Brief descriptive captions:
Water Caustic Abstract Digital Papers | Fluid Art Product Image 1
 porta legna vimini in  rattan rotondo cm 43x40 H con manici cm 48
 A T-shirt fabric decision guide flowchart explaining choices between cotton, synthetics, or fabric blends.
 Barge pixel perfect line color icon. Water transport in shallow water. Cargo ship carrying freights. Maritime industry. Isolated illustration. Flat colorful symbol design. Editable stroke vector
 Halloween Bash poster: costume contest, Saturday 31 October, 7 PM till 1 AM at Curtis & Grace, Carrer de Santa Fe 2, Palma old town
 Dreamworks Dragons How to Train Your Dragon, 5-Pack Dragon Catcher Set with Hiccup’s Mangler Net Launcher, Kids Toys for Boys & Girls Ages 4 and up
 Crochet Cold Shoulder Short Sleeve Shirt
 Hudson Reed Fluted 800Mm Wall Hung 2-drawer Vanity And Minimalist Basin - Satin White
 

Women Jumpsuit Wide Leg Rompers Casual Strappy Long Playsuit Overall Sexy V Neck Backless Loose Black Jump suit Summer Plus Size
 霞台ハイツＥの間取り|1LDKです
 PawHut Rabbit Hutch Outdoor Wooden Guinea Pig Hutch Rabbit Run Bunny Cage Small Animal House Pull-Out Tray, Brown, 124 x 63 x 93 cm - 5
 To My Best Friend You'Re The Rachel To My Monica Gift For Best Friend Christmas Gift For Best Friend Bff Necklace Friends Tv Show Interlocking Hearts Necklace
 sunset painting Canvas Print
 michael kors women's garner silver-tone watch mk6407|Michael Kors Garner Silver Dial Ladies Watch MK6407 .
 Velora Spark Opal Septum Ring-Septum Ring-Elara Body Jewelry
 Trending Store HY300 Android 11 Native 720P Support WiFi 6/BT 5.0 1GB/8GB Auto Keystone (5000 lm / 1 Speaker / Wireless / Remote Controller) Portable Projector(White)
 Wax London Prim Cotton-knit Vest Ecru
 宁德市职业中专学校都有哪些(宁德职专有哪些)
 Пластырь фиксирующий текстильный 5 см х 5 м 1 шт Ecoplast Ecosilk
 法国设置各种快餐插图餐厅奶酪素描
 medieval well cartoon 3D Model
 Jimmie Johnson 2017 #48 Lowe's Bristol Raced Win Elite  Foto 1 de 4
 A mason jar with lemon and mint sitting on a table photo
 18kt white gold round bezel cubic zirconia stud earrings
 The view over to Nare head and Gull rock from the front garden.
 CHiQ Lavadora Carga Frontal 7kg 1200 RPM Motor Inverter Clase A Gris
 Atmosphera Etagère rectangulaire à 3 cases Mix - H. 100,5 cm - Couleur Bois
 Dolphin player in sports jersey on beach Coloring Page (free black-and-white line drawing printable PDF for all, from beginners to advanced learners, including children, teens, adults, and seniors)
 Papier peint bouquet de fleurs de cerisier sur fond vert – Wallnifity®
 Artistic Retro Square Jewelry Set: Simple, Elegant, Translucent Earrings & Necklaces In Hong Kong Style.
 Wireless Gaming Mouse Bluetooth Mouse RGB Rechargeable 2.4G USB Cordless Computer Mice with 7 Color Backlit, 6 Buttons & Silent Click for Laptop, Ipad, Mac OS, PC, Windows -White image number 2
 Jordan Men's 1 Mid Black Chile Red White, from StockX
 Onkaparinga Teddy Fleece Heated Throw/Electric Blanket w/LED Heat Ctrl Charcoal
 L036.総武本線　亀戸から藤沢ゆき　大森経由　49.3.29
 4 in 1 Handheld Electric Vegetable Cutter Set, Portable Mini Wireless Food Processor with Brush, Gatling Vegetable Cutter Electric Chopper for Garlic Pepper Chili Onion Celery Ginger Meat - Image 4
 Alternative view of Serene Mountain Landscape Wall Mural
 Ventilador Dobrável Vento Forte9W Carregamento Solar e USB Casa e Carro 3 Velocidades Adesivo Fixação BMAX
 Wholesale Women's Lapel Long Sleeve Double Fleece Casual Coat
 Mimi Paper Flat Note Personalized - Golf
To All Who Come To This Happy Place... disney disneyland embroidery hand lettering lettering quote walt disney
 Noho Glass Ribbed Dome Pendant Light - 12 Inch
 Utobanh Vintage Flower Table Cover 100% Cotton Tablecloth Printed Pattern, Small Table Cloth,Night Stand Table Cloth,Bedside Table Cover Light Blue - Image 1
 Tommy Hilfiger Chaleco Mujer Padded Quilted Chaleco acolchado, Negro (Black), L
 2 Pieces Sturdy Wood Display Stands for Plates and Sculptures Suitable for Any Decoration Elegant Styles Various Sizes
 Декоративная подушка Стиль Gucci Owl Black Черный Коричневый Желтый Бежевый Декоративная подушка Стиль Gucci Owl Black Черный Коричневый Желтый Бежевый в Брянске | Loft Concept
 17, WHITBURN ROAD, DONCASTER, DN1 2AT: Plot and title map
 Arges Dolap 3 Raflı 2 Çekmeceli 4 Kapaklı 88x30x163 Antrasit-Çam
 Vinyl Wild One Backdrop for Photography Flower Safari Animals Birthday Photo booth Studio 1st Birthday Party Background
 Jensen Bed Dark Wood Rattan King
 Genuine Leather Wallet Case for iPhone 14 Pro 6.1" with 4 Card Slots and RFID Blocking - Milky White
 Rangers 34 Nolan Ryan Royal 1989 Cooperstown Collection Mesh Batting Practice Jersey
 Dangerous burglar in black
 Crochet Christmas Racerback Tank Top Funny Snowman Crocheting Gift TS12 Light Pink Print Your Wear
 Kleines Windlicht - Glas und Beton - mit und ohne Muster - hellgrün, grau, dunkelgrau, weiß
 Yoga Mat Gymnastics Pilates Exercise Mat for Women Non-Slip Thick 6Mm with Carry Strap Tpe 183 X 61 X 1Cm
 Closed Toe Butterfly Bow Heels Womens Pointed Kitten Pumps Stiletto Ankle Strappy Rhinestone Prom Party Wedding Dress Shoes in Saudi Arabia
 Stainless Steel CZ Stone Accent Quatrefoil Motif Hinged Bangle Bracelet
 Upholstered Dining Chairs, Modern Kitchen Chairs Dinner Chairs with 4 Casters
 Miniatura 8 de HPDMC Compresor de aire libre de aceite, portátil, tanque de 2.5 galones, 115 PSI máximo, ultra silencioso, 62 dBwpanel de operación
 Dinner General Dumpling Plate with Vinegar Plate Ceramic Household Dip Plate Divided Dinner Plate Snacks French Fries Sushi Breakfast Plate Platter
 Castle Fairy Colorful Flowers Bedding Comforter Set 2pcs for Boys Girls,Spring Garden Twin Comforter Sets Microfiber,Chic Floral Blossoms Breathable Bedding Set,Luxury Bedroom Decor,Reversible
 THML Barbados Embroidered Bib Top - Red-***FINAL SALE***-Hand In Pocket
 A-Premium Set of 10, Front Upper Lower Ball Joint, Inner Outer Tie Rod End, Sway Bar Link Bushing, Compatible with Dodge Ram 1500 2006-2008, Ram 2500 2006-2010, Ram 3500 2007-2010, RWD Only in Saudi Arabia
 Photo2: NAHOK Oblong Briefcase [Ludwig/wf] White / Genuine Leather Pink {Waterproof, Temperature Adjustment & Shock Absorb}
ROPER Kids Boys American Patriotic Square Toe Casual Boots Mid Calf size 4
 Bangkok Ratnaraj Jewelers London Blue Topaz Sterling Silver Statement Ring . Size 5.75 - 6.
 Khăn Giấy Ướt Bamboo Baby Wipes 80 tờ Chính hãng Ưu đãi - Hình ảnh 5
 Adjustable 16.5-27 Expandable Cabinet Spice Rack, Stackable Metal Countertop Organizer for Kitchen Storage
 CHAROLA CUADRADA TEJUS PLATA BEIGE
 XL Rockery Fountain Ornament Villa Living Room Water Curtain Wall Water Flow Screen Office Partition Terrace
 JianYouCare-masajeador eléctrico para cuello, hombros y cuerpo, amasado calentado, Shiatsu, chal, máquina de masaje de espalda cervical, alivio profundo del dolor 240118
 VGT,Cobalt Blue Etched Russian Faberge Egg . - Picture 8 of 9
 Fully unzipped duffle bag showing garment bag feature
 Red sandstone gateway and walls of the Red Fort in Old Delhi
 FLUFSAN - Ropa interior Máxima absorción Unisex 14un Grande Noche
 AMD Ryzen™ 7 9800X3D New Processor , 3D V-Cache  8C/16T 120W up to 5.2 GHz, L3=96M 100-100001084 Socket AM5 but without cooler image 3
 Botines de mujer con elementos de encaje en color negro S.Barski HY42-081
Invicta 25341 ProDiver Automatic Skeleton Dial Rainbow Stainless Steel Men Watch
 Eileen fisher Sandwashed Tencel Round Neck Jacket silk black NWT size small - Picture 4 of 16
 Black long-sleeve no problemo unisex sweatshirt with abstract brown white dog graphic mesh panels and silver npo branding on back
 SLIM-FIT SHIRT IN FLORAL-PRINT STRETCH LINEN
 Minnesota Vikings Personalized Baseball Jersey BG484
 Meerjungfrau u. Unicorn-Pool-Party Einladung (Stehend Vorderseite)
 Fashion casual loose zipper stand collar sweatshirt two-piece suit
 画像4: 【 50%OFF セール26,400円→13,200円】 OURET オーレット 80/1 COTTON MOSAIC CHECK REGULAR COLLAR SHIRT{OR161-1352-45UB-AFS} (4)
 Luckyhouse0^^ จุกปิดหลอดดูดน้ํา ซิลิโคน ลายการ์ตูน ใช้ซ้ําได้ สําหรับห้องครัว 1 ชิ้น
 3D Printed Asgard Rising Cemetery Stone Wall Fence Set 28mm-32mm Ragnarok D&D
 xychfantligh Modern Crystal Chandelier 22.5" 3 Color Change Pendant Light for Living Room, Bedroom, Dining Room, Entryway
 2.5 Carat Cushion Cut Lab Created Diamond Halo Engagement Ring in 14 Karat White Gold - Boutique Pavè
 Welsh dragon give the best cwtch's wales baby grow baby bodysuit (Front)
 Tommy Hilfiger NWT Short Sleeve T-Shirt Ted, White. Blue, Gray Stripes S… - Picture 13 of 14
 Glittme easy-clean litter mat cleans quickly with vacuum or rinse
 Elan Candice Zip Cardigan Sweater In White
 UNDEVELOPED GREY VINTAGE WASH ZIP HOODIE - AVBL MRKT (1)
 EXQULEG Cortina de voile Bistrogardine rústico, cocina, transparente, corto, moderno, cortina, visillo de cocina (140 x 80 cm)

» WHAT YOU SHOULD DO
Only one stretch of the entries above is wanted: the lines from the one containing "宁德市职业中专学校都有哪些(宁德职专有哪些)" through the one containing "The view over". Please reproduce it exactly.

» SOLUTION TO THIS EXERCISE
 宁德市职业中专学校都有哪些(宁德职专有哪些)
 Пластырь фиксирующий текстильный 5 см х 5 м 1 шт Ecoplast Ecosilk
 法国设置各种快餐插图餐厅奶酪素描
 medieval well cartoon 3D Model
 Jimmie Johnson 2017 #48 Lowe's Bristol Raced Win Elite  Foto 1 de 4
 A mason jar with lemon and mint sitting on a table photo
 18kt white gold round bezel cubic zirconia stud earrings
 The view over to Nare head and Gull rock from the front garden.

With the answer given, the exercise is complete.